1

I need to compare some char * (which I know the length of) with some string literals. Right now I am doing it like this:

void do_something(char * str, int len) {
  if (len == 2 && str[0] == 'O' && str[1] == 'K' && str[2] == '\0') {
    // do something...
  }
}

The problem is that I have many comparisons like this to make and it's quite tedious to break apart and type each of these comparisons. Also, doing it like this is hard to maintain and easy to introduce bugs.

My question is if there is shorthand to type this (maybe a MACRO).

I know there is strncmp and I have seen that GCC optimizes it.

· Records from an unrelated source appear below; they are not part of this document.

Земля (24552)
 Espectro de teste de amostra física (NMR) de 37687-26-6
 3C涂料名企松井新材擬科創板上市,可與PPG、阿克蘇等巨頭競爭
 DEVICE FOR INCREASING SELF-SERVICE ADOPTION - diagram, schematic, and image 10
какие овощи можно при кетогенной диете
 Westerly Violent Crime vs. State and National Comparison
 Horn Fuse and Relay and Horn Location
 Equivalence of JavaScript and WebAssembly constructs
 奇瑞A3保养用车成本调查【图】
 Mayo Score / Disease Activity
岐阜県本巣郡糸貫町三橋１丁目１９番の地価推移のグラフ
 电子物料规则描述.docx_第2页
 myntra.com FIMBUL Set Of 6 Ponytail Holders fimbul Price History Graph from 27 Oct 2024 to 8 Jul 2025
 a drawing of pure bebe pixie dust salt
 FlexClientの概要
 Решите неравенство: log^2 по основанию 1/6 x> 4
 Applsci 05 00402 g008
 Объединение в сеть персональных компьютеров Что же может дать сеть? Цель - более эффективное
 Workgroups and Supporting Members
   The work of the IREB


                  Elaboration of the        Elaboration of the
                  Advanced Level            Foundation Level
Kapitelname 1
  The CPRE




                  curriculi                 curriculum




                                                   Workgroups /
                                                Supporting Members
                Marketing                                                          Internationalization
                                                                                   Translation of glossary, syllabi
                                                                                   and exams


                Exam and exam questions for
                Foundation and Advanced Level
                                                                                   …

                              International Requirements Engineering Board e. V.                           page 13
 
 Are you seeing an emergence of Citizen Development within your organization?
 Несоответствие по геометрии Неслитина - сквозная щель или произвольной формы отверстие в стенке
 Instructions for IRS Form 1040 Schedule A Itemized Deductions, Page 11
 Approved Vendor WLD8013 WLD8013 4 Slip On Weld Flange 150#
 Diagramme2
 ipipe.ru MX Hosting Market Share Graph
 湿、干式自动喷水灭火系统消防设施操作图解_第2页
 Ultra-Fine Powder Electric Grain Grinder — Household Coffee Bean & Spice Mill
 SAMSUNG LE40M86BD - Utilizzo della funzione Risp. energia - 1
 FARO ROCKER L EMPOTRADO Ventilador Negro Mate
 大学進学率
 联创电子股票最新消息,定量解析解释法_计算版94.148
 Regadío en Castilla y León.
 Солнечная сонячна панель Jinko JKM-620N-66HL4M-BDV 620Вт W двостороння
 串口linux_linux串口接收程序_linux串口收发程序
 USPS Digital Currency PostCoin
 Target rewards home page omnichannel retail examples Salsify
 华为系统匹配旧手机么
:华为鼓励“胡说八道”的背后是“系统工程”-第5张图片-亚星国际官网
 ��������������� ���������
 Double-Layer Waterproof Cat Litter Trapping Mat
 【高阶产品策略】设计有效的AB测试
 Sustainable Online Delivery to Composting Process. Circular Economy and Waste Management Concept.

So, if the shorthand is to use strncmp, like this:

void do_something(char * str, int len) {
  if (len == 2 && strncmp(str, "OK", len) == 0) {
    // do something...
  }
}

Then, I would like to know it the second example has the same (or better) performance of the first one.

  • the second example shouldn't compile because `strncmp` takes a length argument that you did not pass in. – Christian Gibbons Jul 09 '20 at 17:03
  • Fixed. Thank you! –  Jul 09 '20 at 17:05
  • In the second, if you need to check the length then you can use `strcmp` (instead of `strncmp`) which would implicitly do that without the need for `len == 2` test. – P.P Jul 09 '20 at 17:07
  • I think do `strcmp(str, "OK");` and let the compiler doing possible optimization – bruno Jul 09 '20 at 17:08
  • @TertulianoMáximoAfonso If you already know the length (and are testing that it equals 2), then in your first example, why do you bother to also test the `'\0'` at the end? – alani Jul 09 '20 at 17:11
  • Would the compiler still make a function call? –  Jul 09 '20 at 17:11
  • 1
    Only use strcmp if you know both strings are null-terminated. – stark Jul 09 '20 at 17:12
  • @alaniwi case the char* is "OK1" and someone gives the wrong length. This checks that it is a valid C string. Both input and length are function parameters. –  Jul 09 '20 at 17:13
  • @stark I am using strncmp. –  Jul 09 '20 at 17:14
  • @TertulianoMáximoAfonso So if you do not trust the length to be correct, do not use it. – alani Jul 09 '20 at 17:14
  • Why? Should I not validate that the input is valid? –  Jul 09 '20 at 17:16
  • @TertulianoMáximoAfonso But the two examples are not equivalent. In the first case you are testing that the string does not continue with more (non-null) characters after the declared length of 2, in the case with `strncmp` you do not test this. – alani Jul 09 '20 at 17:21
  • I thought strncmp would do this validation. So to validate it, should I use something like if (strncmp(str, "OK\0", len+1) == 0) { ... } ? –  Jul 09 '20 at 17:23
  • @TertulianoMáximoAfonso No you do not need to add an extra `\0`. The `"OK"` is already a null-terminated string constant. The length you use with `strncmp` would normally be set based on the length of storage used for the two strings that you will be comparing (the shorter of whichever buffer contents are not guaranteed to be null-terminated). – alani Jul 09 '20 at 17:31
  • Of course, sorry. But how do I validate it using only strncmp? Because I just tested and strncmp("OK", 2) == strncmp("OK1", 2) == 0. Should then I do something like this: if (strncmp(str, len) == 0 && str[len] == '\0') { ... } –  Jul 09 '20 at 17:36
  • You're doing a while bunch of extra work. Just compare up to and including the NUL. I've posted an answer. – Mad Physicist Jul 10 '20 at 14:43

2 Answers2

1

Yes it will. However, your code is not comparing a char * to a string literal. It is comparing two string literals. The compiler is smart enough to spot this and optimize all the code away. Only the code inside the if block remains.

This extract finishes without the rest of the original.